→ **Data supplied**:
⁂

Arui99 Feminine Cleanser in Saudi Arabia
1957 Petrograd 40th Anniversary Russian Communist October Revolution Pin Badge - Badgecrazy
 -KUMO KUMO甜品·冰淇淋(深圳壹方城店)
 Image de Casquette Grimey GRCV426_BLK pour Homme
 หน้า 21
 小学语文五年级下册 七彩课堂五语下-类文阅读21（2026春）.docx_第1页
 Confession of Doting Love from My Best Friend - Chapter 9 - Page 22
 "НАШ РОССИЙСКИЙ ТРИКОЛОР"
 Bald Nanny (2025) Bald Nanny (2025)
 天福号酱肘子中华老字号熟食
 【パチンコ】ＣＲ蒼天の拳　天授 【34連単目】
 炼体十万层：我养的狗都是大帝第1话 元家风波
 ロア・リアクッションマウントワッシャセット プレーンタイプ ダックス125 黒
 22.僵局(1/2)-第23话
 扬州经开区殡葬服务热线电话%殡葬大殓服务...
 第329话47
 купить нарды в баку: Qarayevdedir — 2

⁂

→ **Instructions to follow**: Retype all of the data exactly, so that nothing differs from what is given.

→ **Task answer**:
Arui99 Feminine Cleanser in Saudi Arabia
1957 Petrograd 40th Anniversary Russian Communist October Revolution Pin Badge - Badgecrazy
 -KUMO KUMO甜品·冰淇淋(深圳壹方城店)
 Image de Casquette Grimey GRCV426_BLK pour Homme
 หน้า 21
 小学语文五年级下册 七彩课堂五语下-类文阅读21（2026春）.docx_第1页
 Confession of Doting Love from My Best Friend - Chapter 9 - Page 22
 "НАШ РОССИЙСКИЙ ТРИКОЛОР"
 Bald Nanny (2025) Bald Nanny (2025)
 天福号酱肘子中华老字号熟食
 【パチンコ】ＣＲ蒼天の拳　天授 【34連単目】
 炼体十万层：我养的狗都是大帝第1话 元家风波
 ロア・リアクッションマウントワッシャセット プレーンタイプ ダックス125 黒
 22.僵局(1/2)-第23话
 扬州经开区殡葬服务热线电话%殡葬大殓服务...
 第329话47
 купить нарды в баку: Qarayevdedir — 2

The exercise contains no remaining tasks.